Das dürfte die Ursache sein:



> Creates an ObjectInputStream that reads from the specified InputStream. *A serialization stream header is read from the stream and verified. This constructor will block until the corresponding ObjectOutputStream has written and flushed the header.*





			ObjectInputStream (Java Platform SE 7 )
		


Das erzeugen eines ObjectInputStreams ist eine Blocking-Operation. Der Server muss mindestens sofort den Serialization Header schicken (wie auch immer man das macht, da bin ich raus)


----------



## LimDul (29. Mai 2020)

Nachtrag: Versuch mal die ObjectOutputStreams zuerst zu erzeugen.

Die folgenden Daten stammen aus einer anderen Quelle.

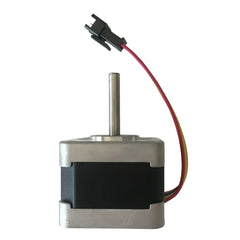 Roland Ink Pump Motor for LEF200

Dadurch das du sowohl auf Client als auch auf Server Seite die InputStreams zuerst erzeugt, warten sowohl Client als auch Server, dass der korrekte Header geschickt wird - was nie passieren wird, da keiner der beiden den ObjectOutputStream erzeugen kann.


----------



## kneitzel (29. Mai 2020)

Eine Idee wäre, dass man sofort nach der Verbindung jeweils ein Objekt schickt. Das kann z.B. ein leerer String sein oder einfach eine Object Instanz.

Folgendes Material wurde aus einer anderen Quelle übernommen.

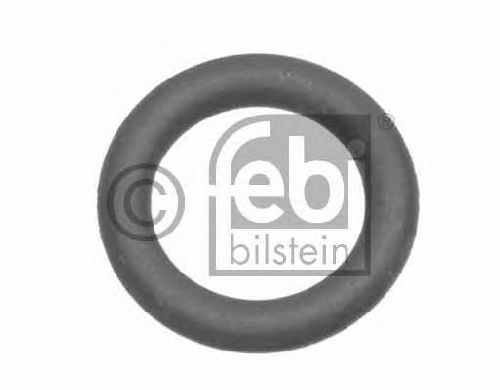 FEBI BILSTEIN 09946 - Seal Ring, cylinder head cover bolt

Mit dem Schreiben des ersten Objekts wird natürlich auch der Header geschrieben und die blocking Operation geht weiter. Das bedeutet, dass er zwar immer noch blockiert, aber halt nur, bis das erste Objekt angekommen ist ...

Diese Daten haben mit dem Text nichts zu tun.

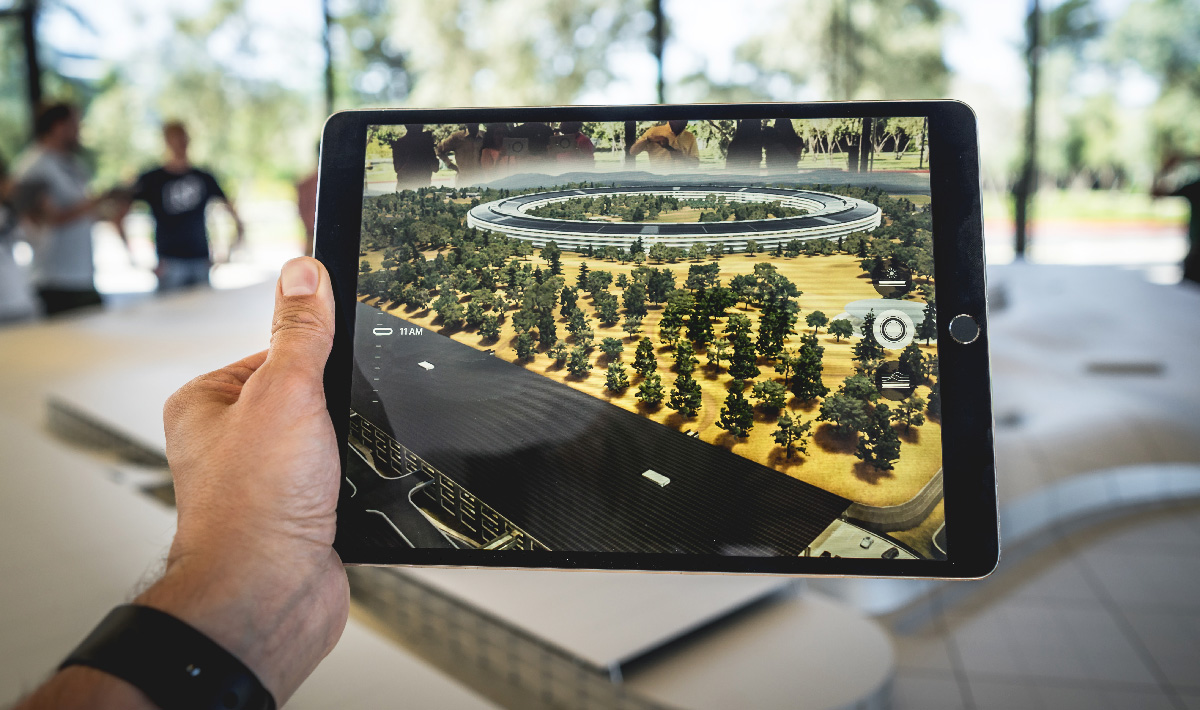 Jenis Pekerjaan Metaverse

Wichtig ist aber auch, dass man die Erstellung auf Client / Server in unterschiedlicher Reihenfolge macht. Wenn sowohl Server als auch Client zuerst den InputStream öffnen, warten beide auf ein erster Objekt. Also sollte man da ggf. so hingehen, das immer erst der OutputStream erstellt wird und ein erstes Objekt gesendet wird (um den Header abgearbeitet zu haben).


----------



## kneitzel (29. Mai 2020)

Noch eine kleine Korrektur bezüglich meiner Antwort:
Es scheint so, als ob der Header direkt geschrieben wird und nicht beim ersten Objekt, das gesendet wurde.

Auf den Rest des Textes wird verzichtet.